They’re an enduring thing, Bon Jovi. A recent Internet meme saw the immortal chorus of their 1986 bubble-gum metal classic ‘Livin’ On A Prayer’ coupled with images that would rhyme with its “Whoa, we’re halfway there” refrain, the best of which were Harambe on a chair, wizard at a fair and Weston-super-Mare. Even 30 years after their commercial peak – and in the phone-fondling hands of a tech-savvy, millennial generation to whom they don’t truly belong – Bon Jovi still permeate popular culture.
Originating from New Jersey, the band stormed the charts through the Eighties, riding the wave of glam metal’s mainstream dominance, a short-lived era brought to an end by the arrival of grunge at the start of the new decade. However, as many of their poodle-haired peers went the way of the dinosaur, Bon Jovi proved themselves a more chameleonic act, successfully pulling off an aesthetical and musical shift that saw them weather the cooler, more reserved Nineties, albeit with the odd perennially radio-friendly ballad thrown in to keep sales ticking over. The Noughties saw them break into another sonic territory, garnering chart positions, awards and acclaim for country-oriented efforts.
Now we come to the Bon Jovi of 2016, and, in ways, it’s a different one yet again. Recently grizzled, eponymous frontman Jon Bon Jovi remains flanked by the same rhythm section of Torres, Bryan and McDonald, but there’s a Richie Sambora-shaped hole within their ranks, This House is Not for Sale being the first album not to feature the guitar virtuoso, who left in 2013. It’s still business as usual, though and, having comfortably settled into a routine of heartland rock albums, it’s a case of the more Bon Jovi change, the more they stay the same.
There’s a discernible theme to the band’s lead singles over the last few albums – bittersweet chord progression, lyrics about being down but not out, then an eruptive chorus about unity and fighting back against a perceived threat to being a Bon Jovi fan.
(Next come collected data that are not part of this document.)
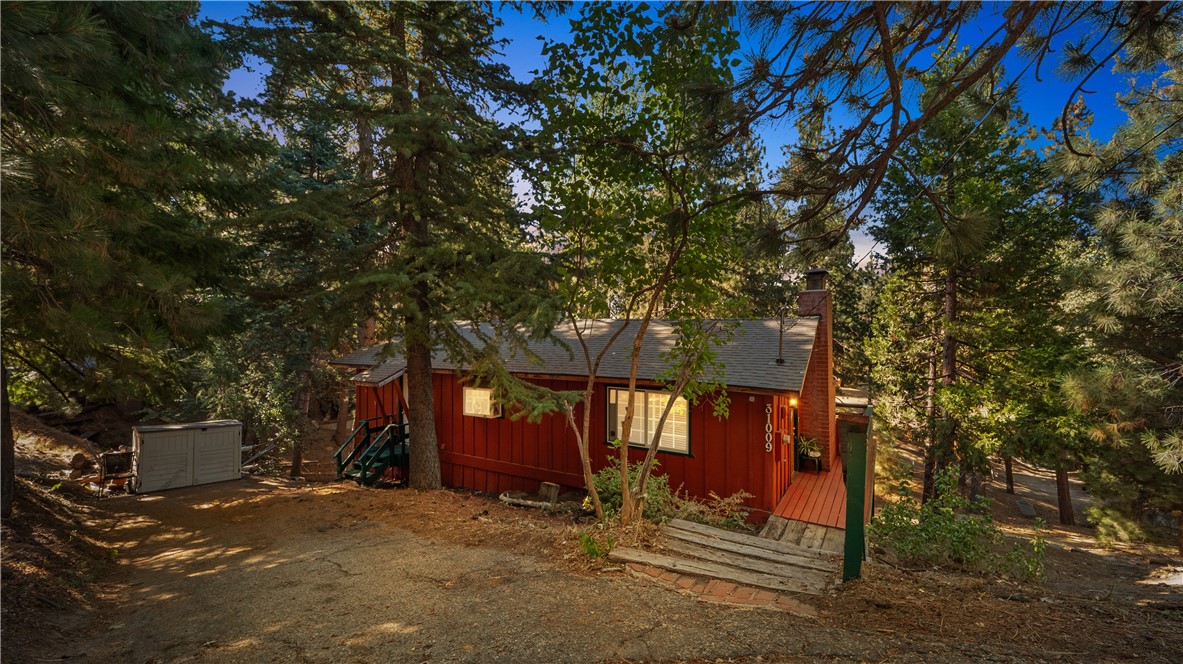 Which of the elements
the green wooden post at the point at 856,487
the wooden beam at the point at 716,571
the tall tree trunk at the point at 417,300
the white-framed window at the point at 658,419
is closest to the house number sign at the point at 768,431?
the white-framed window at the point at 658,419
The title track fulfils that requirement here – “I set each stone and I hammered each nail / This house is not for sale” declares Jon in what’s most likely a thinly veiled metaphor for the band’s musical integrity. This middle-aged, apparent defiance is something they’ve instigated as far back as at least 2005’s ‘Last Man Standing’, in which he told them to keep their “pseudo-punk, hip-hop, pop-rock junk and digital downloads.” It’s predictable and expected here, but it gets the foot tapping. ‘New Year’s Day’ is similarly rousing, but anyone who’s ever felt this bright, breezy and reflective on the morning of January 1st hasn’t had a good night.
Elsewhere, it’s more candid, like the admissive ‘God Bless This Mess’ – “My voice is shot, I’m going grey / These muscles all ache / Don’t cry for me, I’m the life of the party” sums up an ageing band who can’t escape time, but retain a midlife self-awareness and acceptance of living up to past glories. Heyday Bon Jovi are arguably the ultimate drinking man’s band; from hardened metalhead snobs to pretentious of indie-folk hipsters, you should be sceptical of anyone who says they haven’t belted out a line of ‘You Give Love A Bad Name’ in a club, even if it’s with tongue in cheek.
The arena-filling sound that runs through modern music owes something to Bon Jovi, but This House… comes across more like their third-tier spiritual successors, comprised of forgettable dance-rock and schmaltzy slow-burners loaded with endless platitudes and those echoey, staccato guitar lines that bands do when they want to sound big. ‘Reunion’ hints at rekindling old friendships, perhaps standing as an open invitation for Sambora, with whom they're on amicable terms. Until then, this career instalment largely serves as a reminder of their heartier, diverse back catalogue.